• What you should do
Please transcribe only the lines from the one holding "15 Types of Hairy Cactus + Care Tips" through the final line of the data, both included, with no pictures.

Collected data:
######

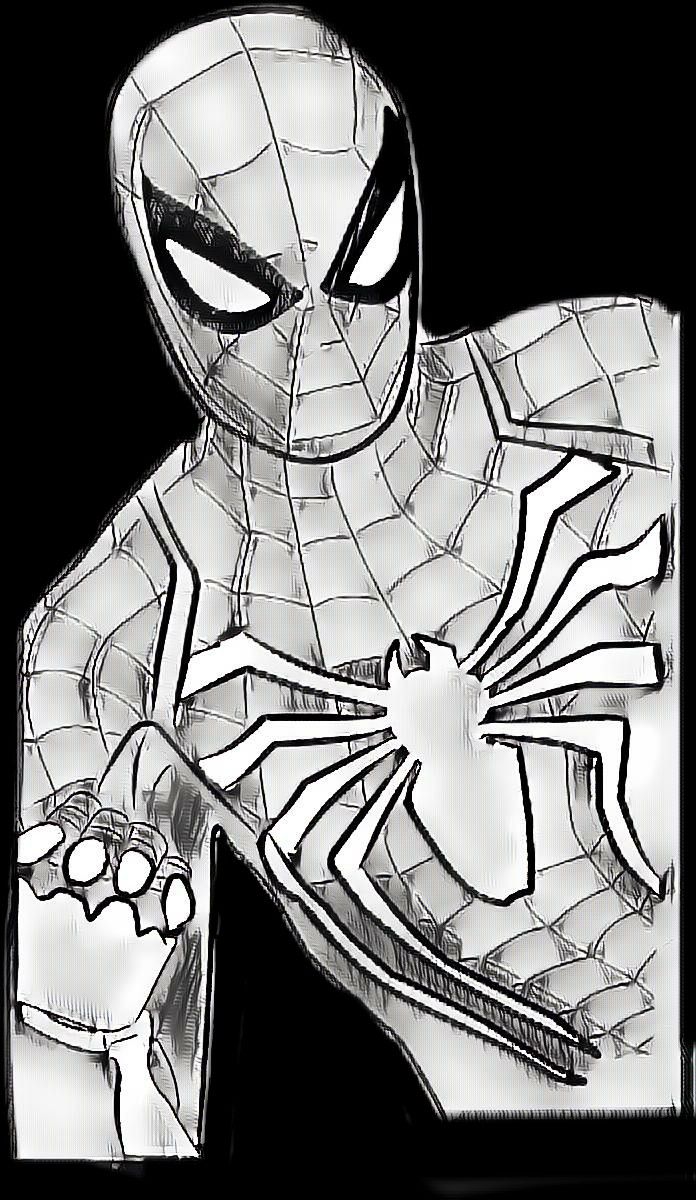 Cool Spider Man Drawing Beautiful Art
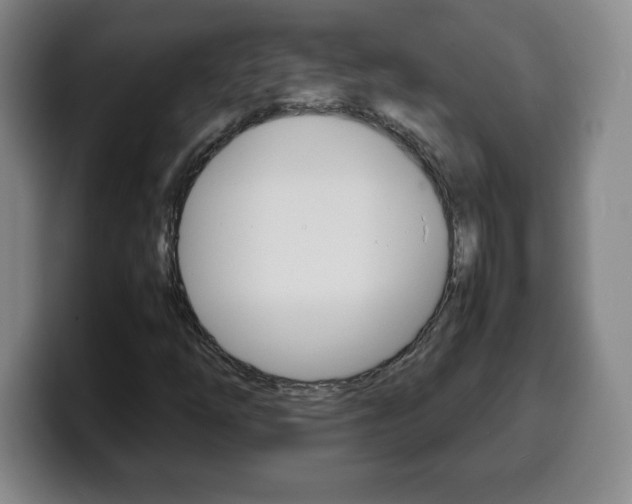 X0000100311254200806051321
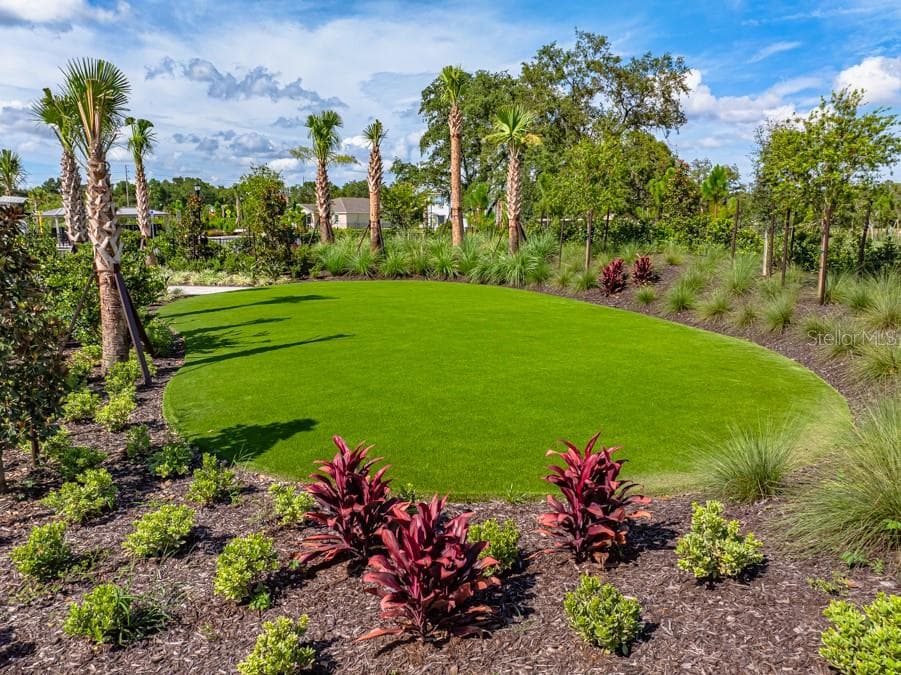 13654 Tropical Breeze Way photo 4
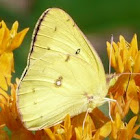 Clouded Sulphur butterfly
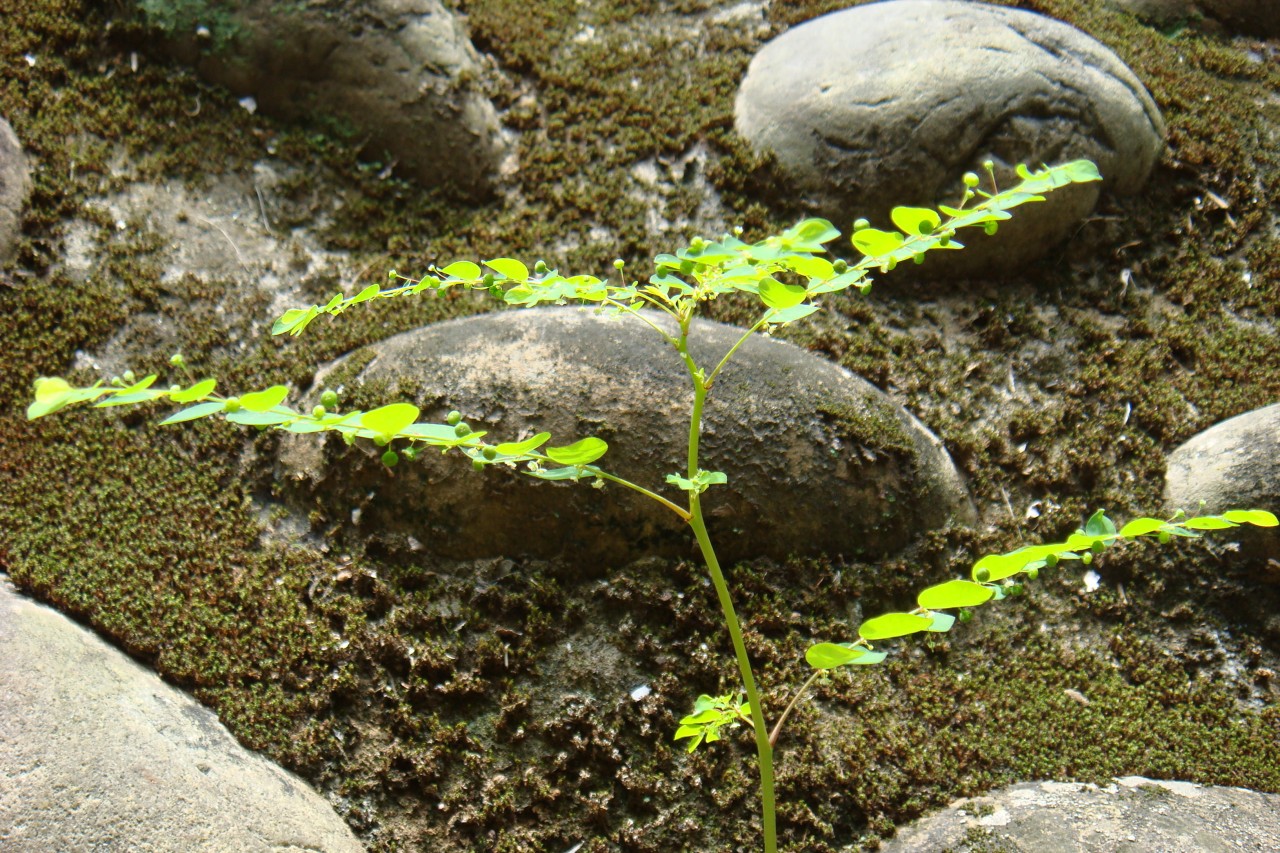 22009-4-6-9-33-20-pic1.jpg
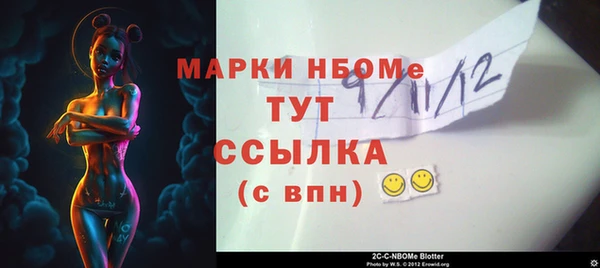 спиды Богородицк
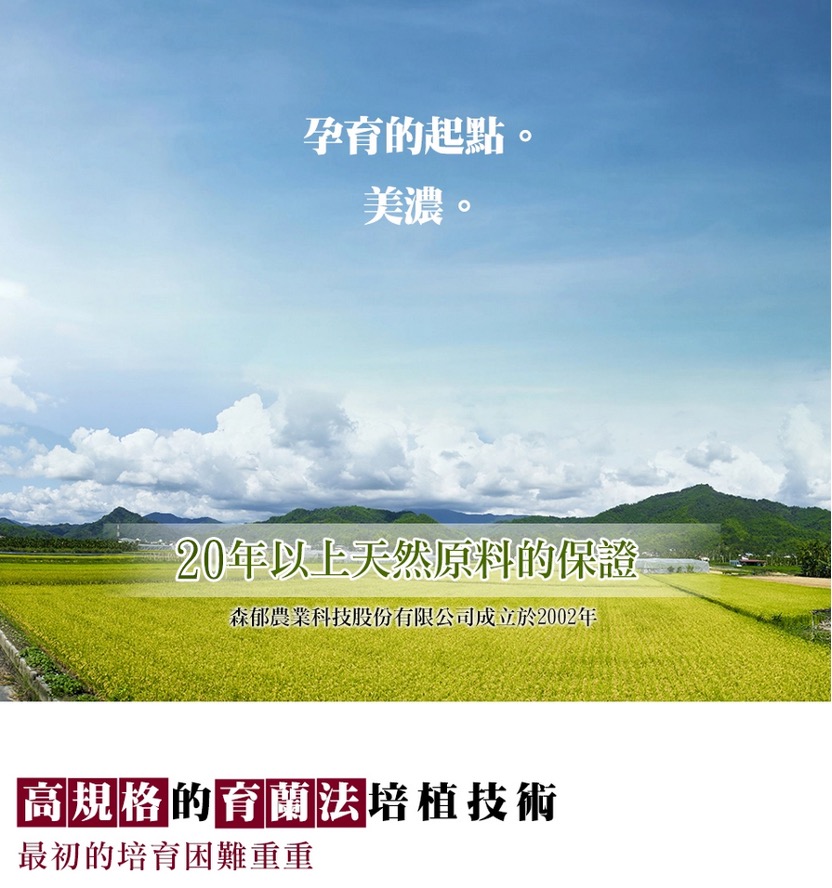 公司沿革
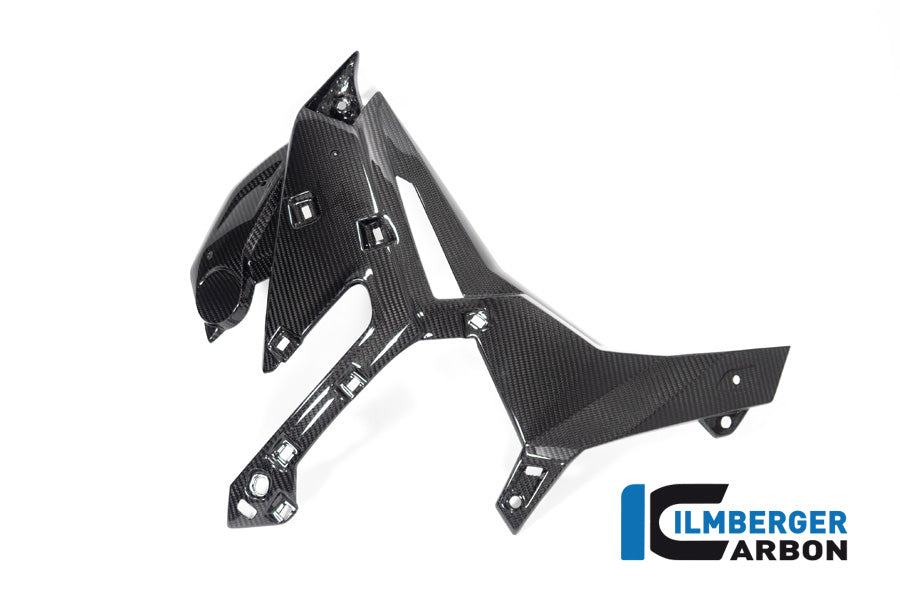 Ilmberger Carbon Watercooler Cover, Right for the BMW M 1000 R 2023-2024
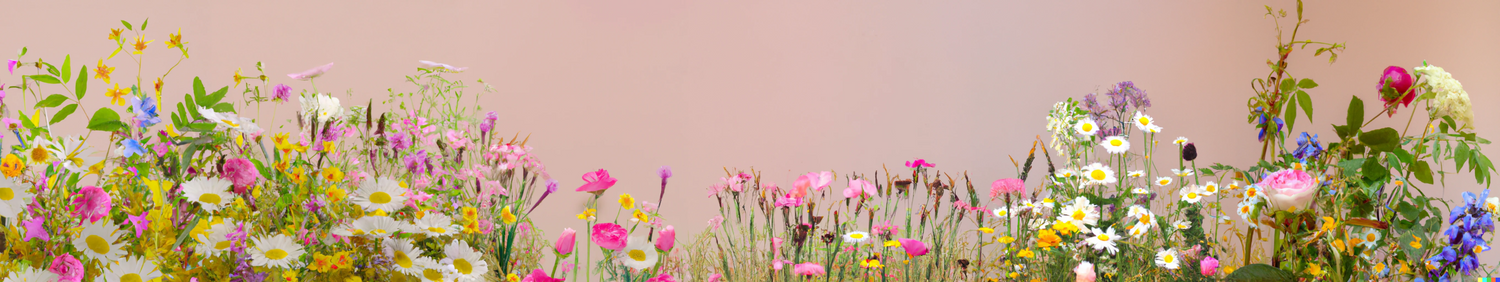 Wildflower Meadow by Gina Pattison
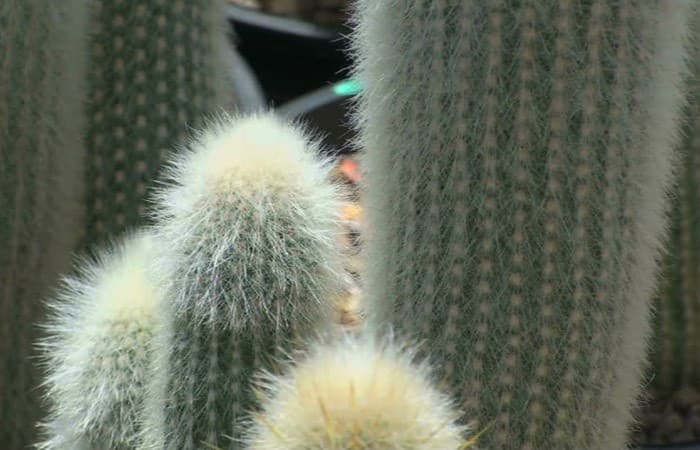 15 Types of Hairy Cactus + Care Tips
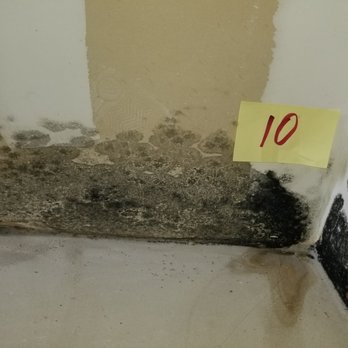 PTCC Environmental Services - Hidden mold behind HVAC - Damage Restoration Near Me - Crofton, Maryland PTCC Environmental Services - Hidden mold behind HVAC - Damage Restoration Near Me - Crofton, Maryland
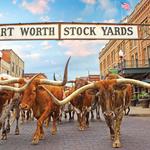 Fort Worth Stockyards Station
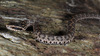 Gloydius brevicaudus 살모사 Viper Snake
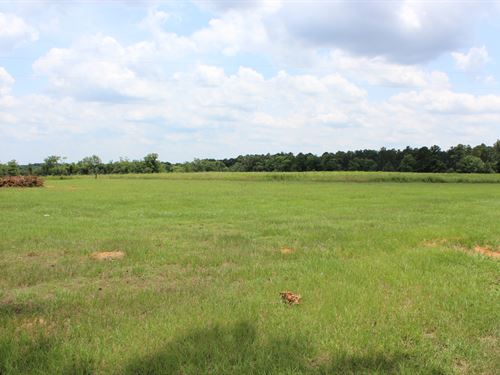 Alabama Land for Sale : Page 3 of 95 - LANDFLIP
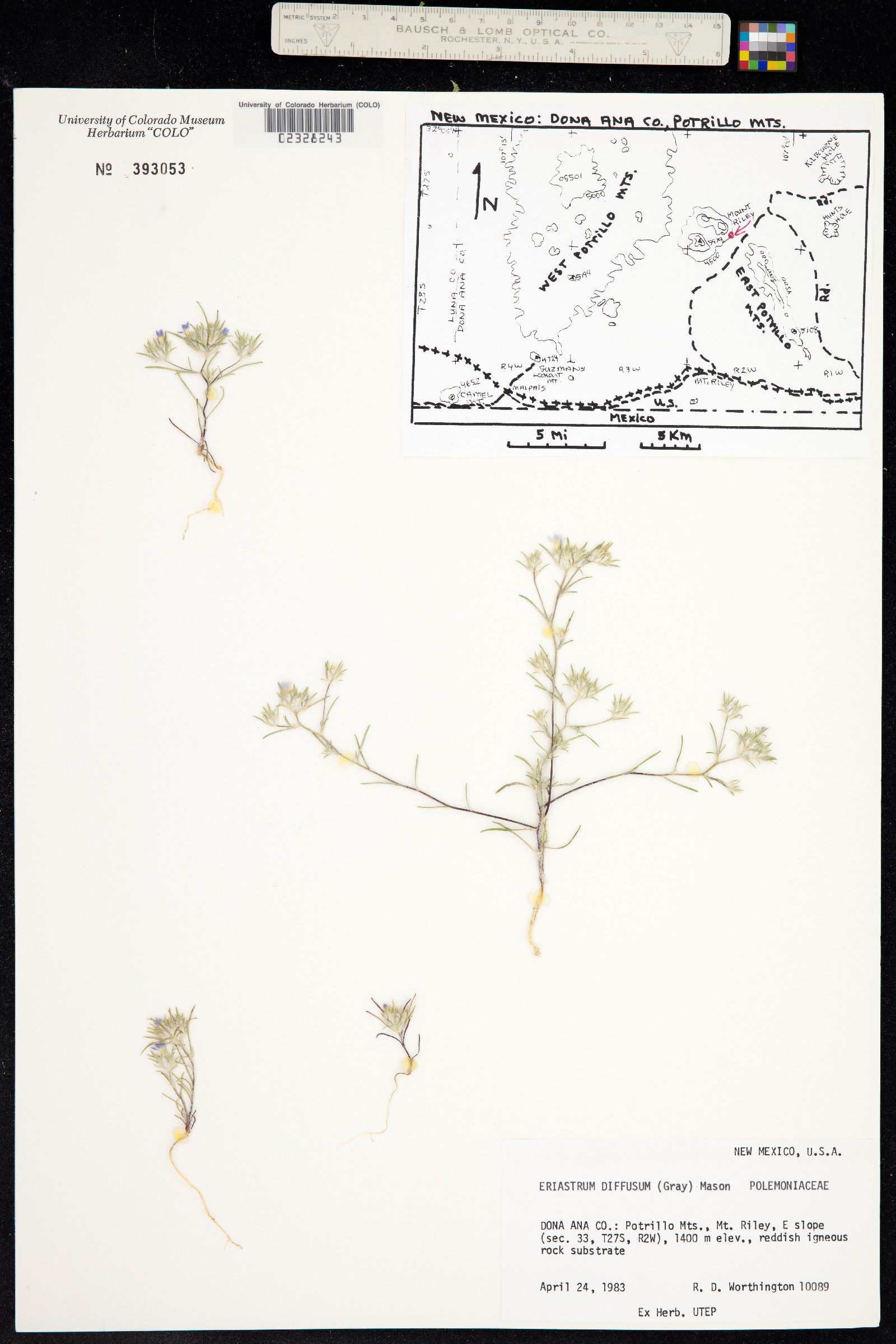 Eriastrum diffusum image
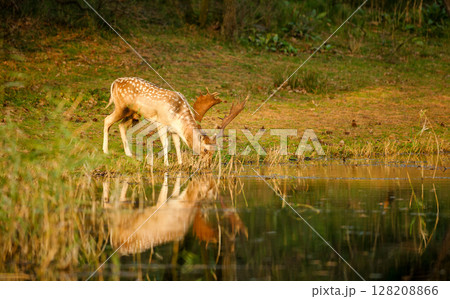 Fallow deer stag drinking water from a pond 128208866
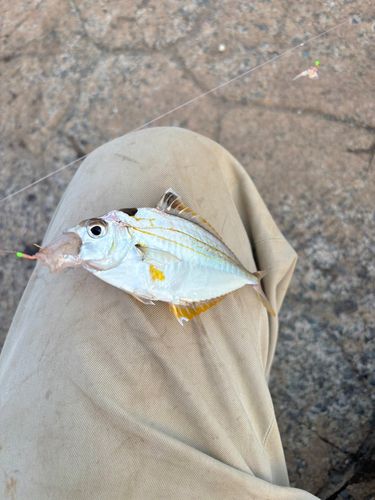 ヒイラギの釣果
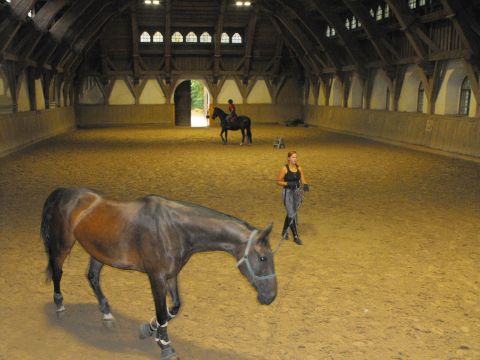 Wycieczka po Pogórzu Wałbrzyskim s19 - PTTK Strzelin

######

• Task response
 15 Types of Hairy Cactus + Care Tips
 PTCC Environmental Services - Hidden mold behind HVAC - Damage Restoration Near Me - Crofton, Maryland PTCC Environmental Services - Hidden mold behind HVAC - Damage Restoration Near Me - Crofton, Maryland
 Fort Worth Stockyards Station
 Gloydius brevicaudus 살모사 Viper Snake
 Alabama Land for Sale : Page 3 of 95 - LANDFLIP
 Eriastrum diffusum image
 Fallow deer stag drinking water from a pond 128208866
 ヒイラギの釣果
 Wycieczka po Pogórzu Wałbrzyskim s19 - PTTK Strzelin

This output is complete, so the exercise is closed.